## Excerpted records
⁂
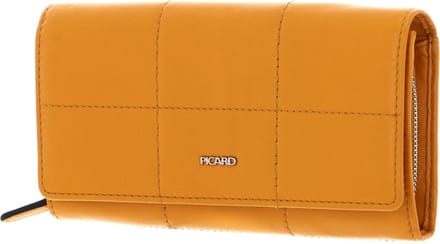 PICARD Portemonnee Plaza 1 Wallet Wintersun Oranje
⁂
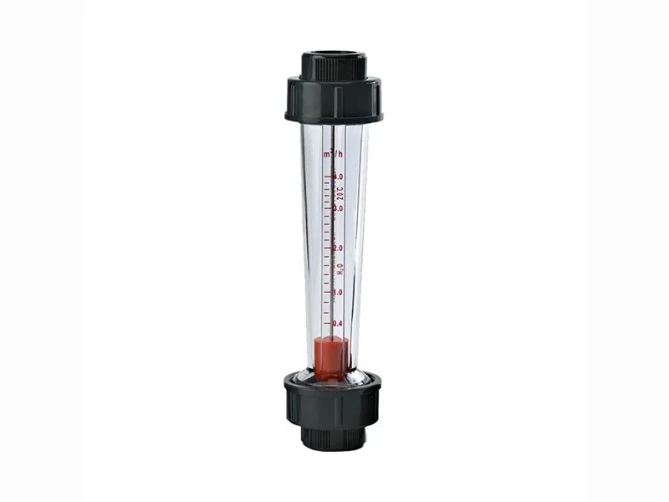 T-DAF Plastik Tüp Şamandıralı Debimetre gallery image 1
⁂
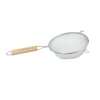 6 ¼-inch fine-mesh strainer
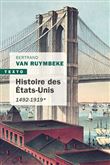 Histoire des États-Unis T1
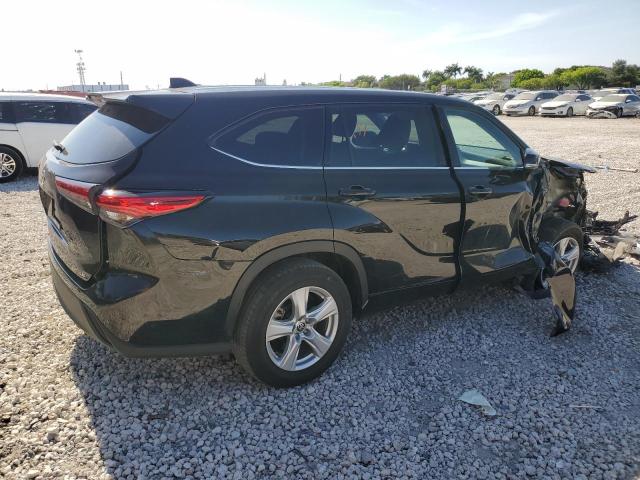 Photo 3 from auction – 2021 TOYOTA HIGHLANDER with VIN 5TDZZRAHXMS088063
⁂
Of the records above, print only the lines from the one containing "Histoire des États-Unis T1" through the one containing "Photo 3 from", inclusive and unaltered, leaving out pictures.

## Solution to this exercise
 Histoire des États-Unis T1
 Photo 3 from auction – 2021 TOYOTA HIGHLANDER with VIN 5TDZZRAHXMS088063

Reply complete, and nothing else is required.